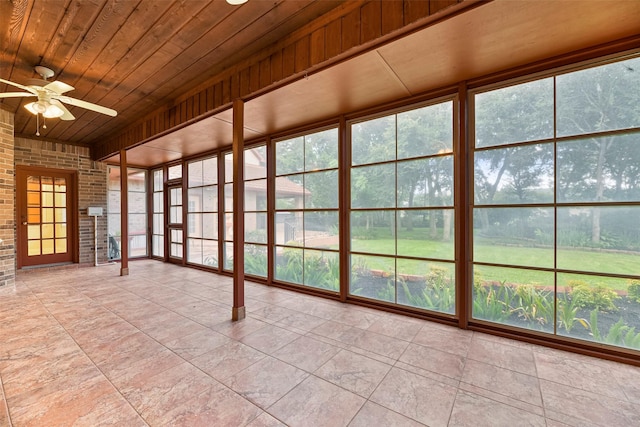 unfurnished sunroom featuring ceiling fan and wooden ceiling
==
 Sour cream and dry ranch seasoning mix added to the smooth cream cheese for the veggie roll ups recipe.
--
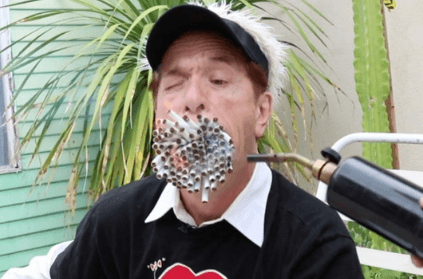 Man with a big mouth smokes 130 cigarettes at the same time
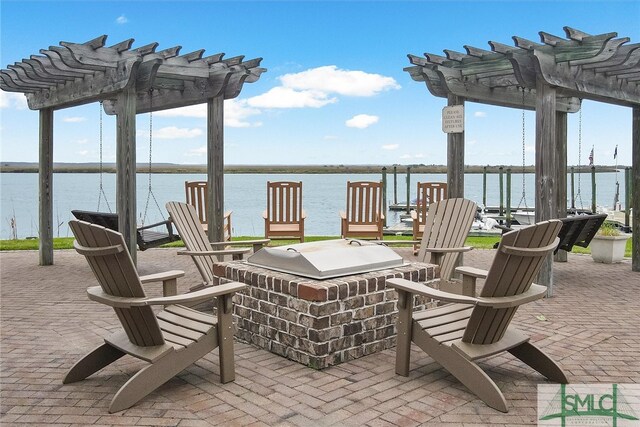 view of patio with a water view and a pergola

■ Description of the task: Excerpt from the records above: set down only the lines from the one that contains "Man with a big" through the one that contains "view of patio", inclusive, word for word. Pictures stay out.

■ Solution for this exercise:
 Man with a big mouth smokes 130 cigarettes at the same time
 view of patio with a water view and a pergola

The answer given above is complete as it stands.